What you should do =>
For this exercise, an exact copy is needed of only the lines from the one containing "Aritzia sleeveless Murphy top" through the end of the data, with pictures left out.

Supplied information =>
☆ ☆ ☆

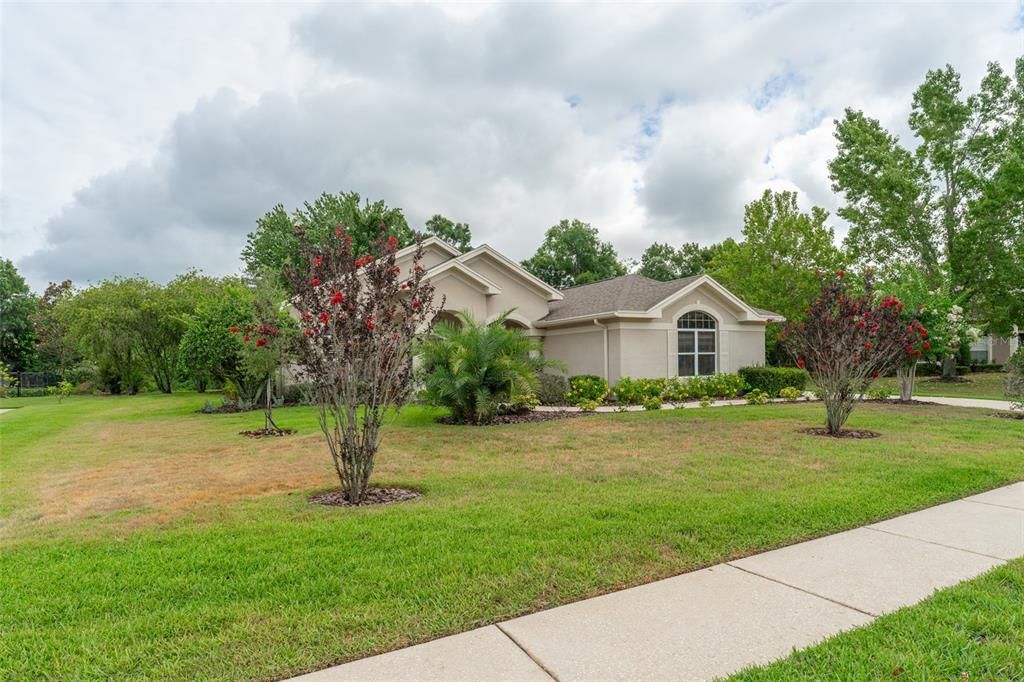 For Sale: $619,900 (3 beds, 2 baths, 2186 Square Feet)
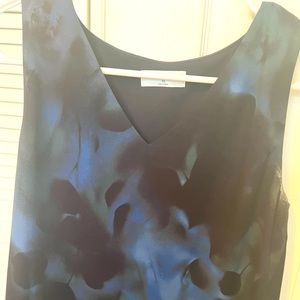 Aritzia sleeveless Murphy top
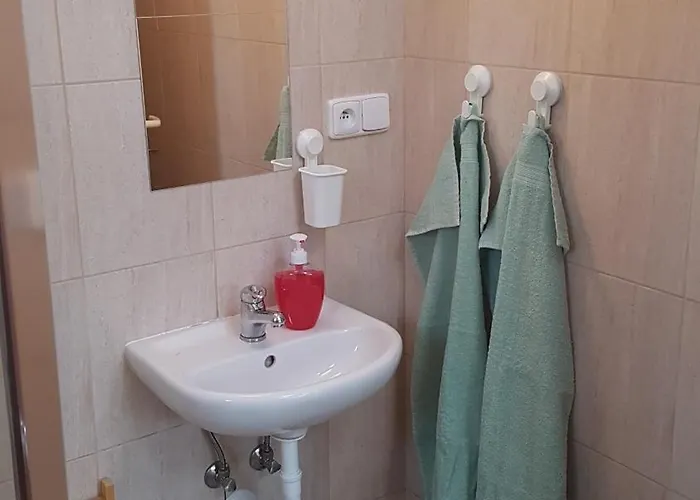 Na Samote U Lesa -rasovna Kwatera prywatna *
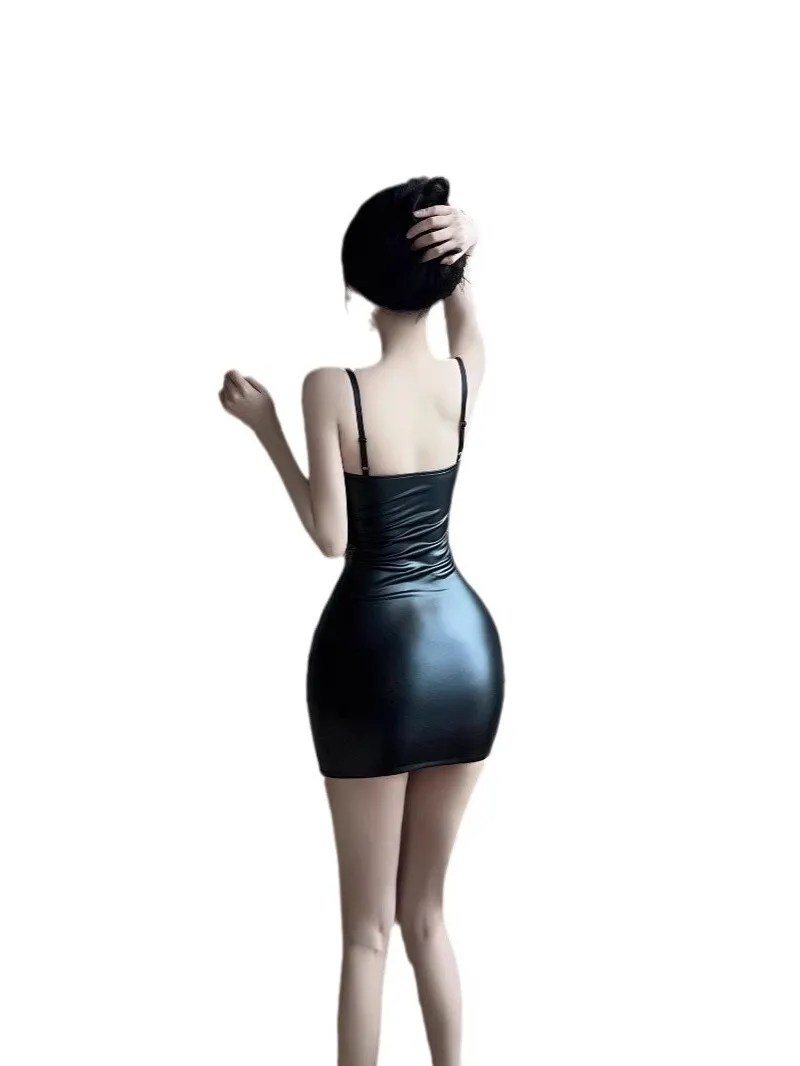 섹시한 드레스 디자인 감각 기질 순수한 욕망 주름 로우 컷 매운 서스펜더 꽉 끼는 PU 가죽 드레스 우아한 스위트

☆ ☆ ☆

Task response =>
 Aritzia sleeveless Murphy top
 Na Samote U Lesa -rasovna Kwatera prywatna *
 섹시한 드레스 디자인 감각 기질 순수한 욕망 주름 로우 컷 매운 서스펜더 꽉 끼는 PU 가죽 드레스 우아한 스위트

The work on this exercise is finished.